- Amir Ghayeb Location within Iran
- Coordinates: 37°06′50″N 46°12′54″E﻿ / ﻿37.11389°N 46.21500°E
- Country: Iran
- Province: East Azerbaijan
- County: Malekan
- District: Aq Manar
- Rural District: Gavdul-e Jonubi

Population (2016)
- • Total: 315
- Time zone: UTC+3:30 (IRST)

= Amir Ghayeb =

Village in East Azerbaijan province, Iran

Amir Ghayeb (اميرغايب) (Note: Also romanized as Amīr Ghā'eb and Amīr Ghāyeb) is a village in Gavdul-e Jonubi Rural District of Aq Manar District in Malekan County, East Azerbaijan province, Iran.

==Demographics==
===Population===
At the time of the 2006 National Census, the village's population was 357 in 81 households, when it was in Gavdul-e Sharqi Rural District of the Central District.
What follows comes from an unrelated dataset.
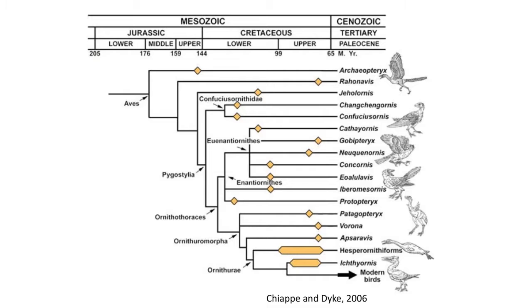Welcome to Utah State University's Vertebrate Paleontology course. My name is Benjamin Berger. In this video we will summarize the Mesozoic birds that lived during the Cretaceous period and highlight the diversity of early birds.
The following census in 2011 counted 340 people in 89 households. The 2016 census measured the population of the village as 315 people in 95 households.

In 2023, the rural district was separated from the district in the formation of Aq Manar District, and Amir Ghayeb was transferred to Gavdul-e Jonubi Rural District created in the new district.